> What is expected: Restate each record word for word, omitting whatever pictures it holds.

# # # # #

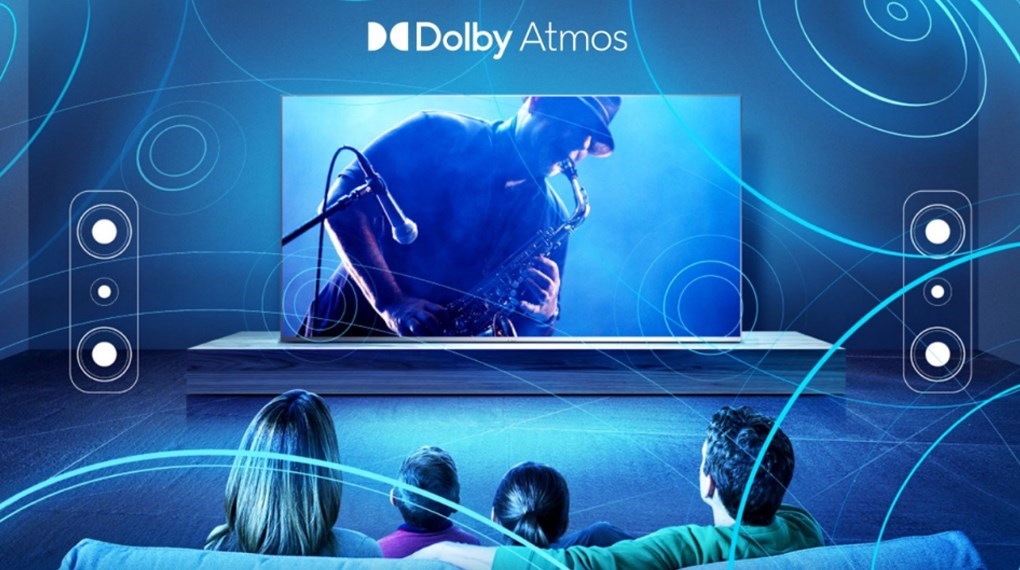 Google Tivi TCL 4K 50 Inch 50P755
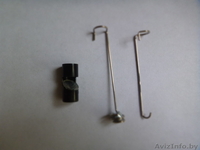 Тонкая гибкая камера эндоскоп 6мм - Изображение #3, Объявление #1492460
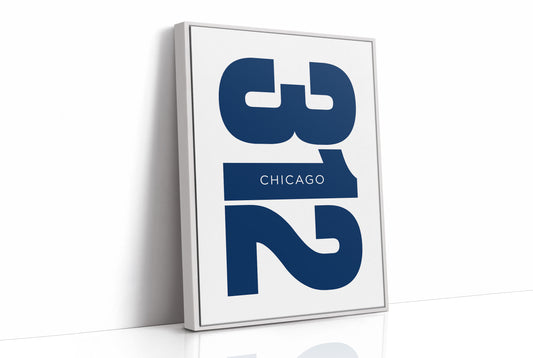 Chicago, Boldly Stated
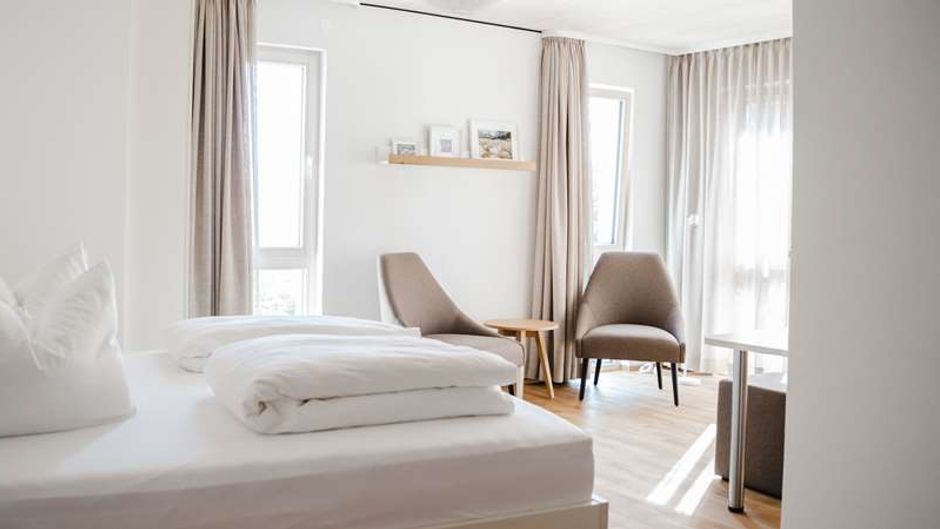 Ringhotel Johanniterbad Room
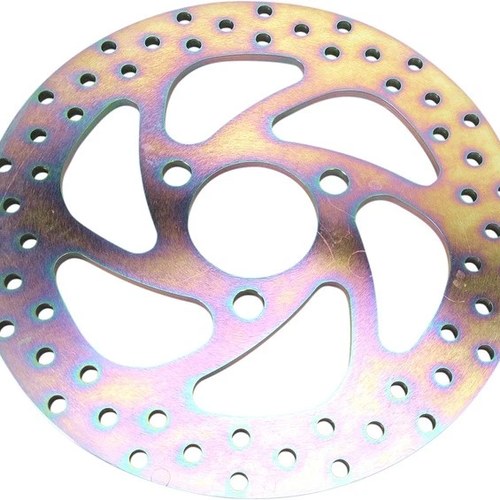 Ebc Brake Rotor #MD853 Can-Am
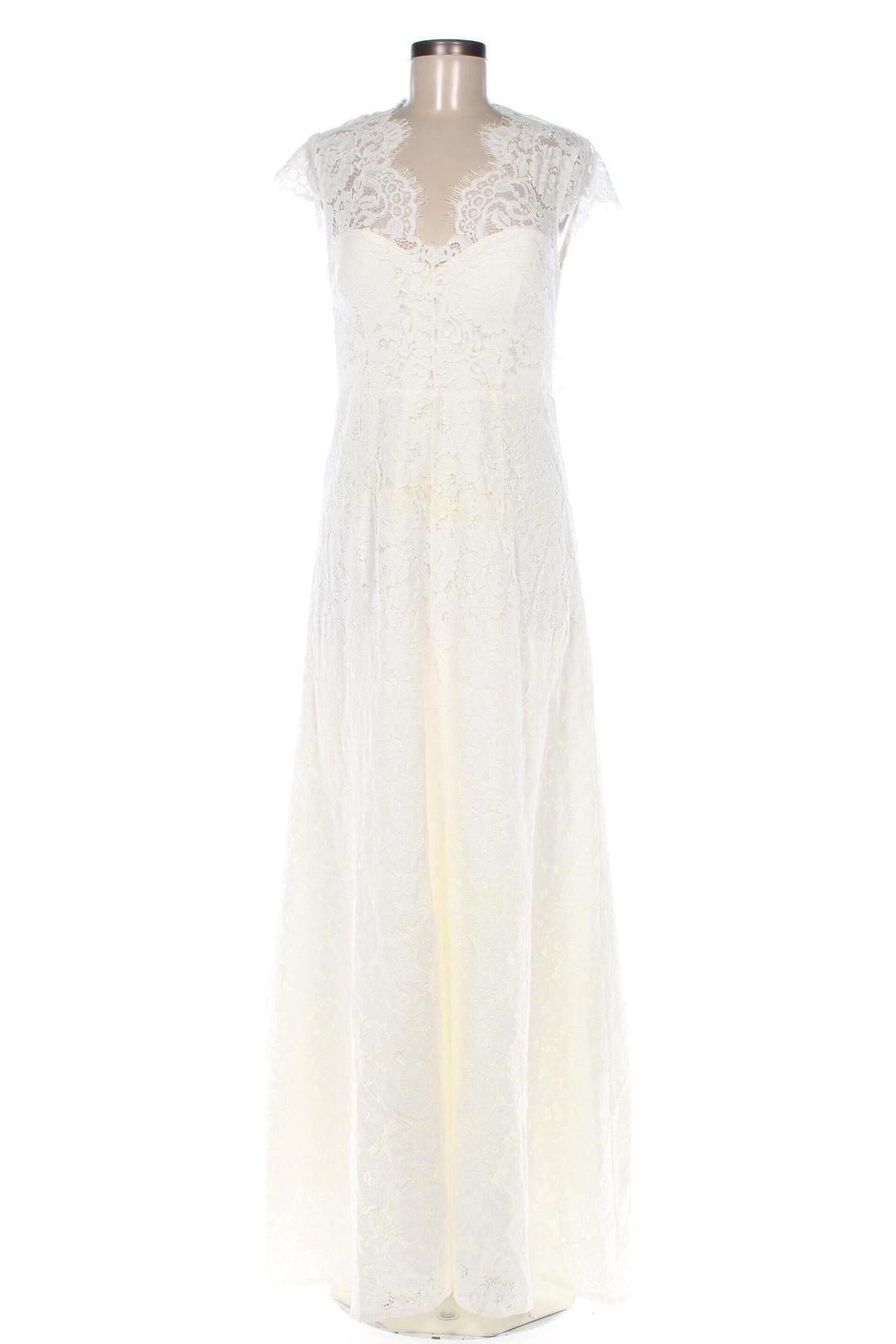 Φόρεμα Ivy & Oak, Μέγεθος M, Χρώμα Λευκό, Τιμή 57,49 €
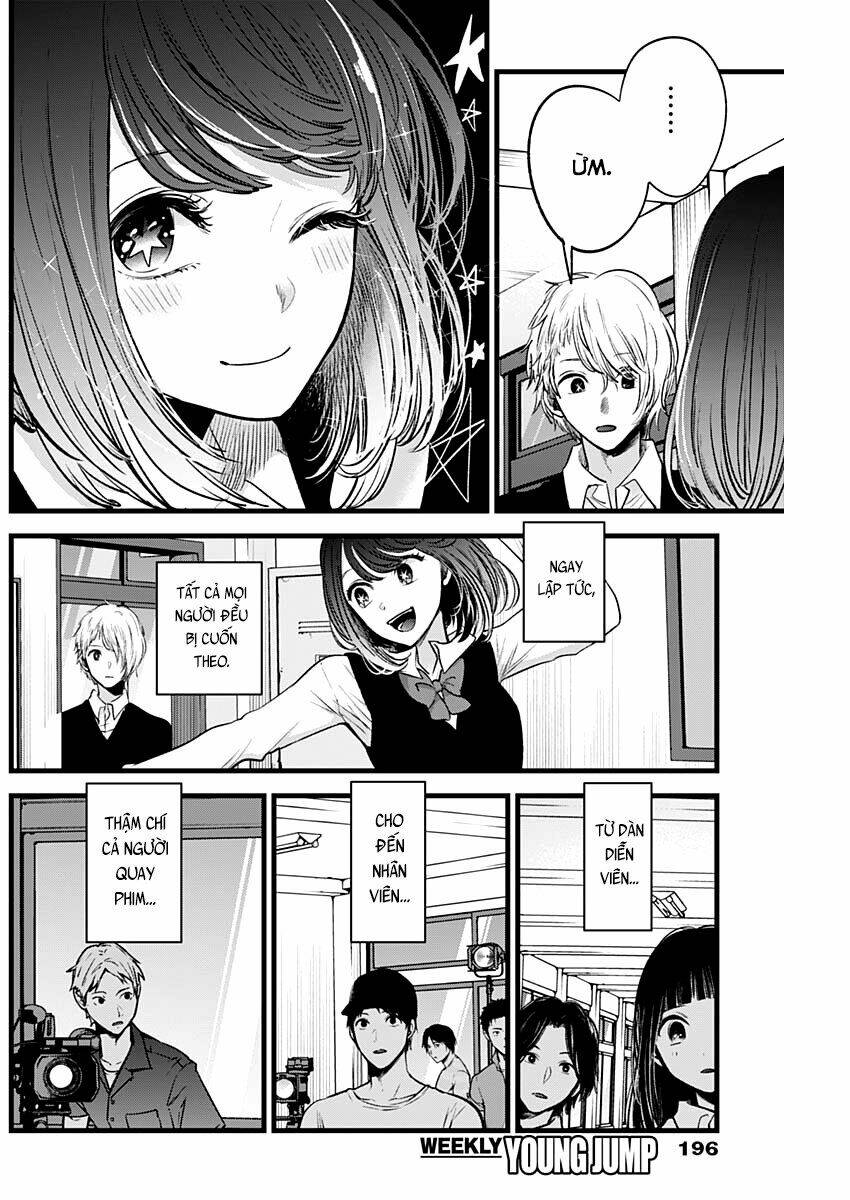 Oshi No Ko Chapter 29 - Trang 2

# # # # #

> Exercise answer:
 Google Tivi TCL 4K 50 Inch 50P755
 Тонкая гибкая камера эндоскоп 6мм - Изображение #3, Объявление #1492460
 Chicago, Boldly Stated
 Ringhotel Johanniterbad Room
 Ebc Brake Rotor #MD853 Can-Am
 Φόρεμα Ivy & Oak, Μέγεθος M, Χρώμα Λευκό, Τιμή 57,49 €
 Oshi No Ko Chapter 29 - Trang 2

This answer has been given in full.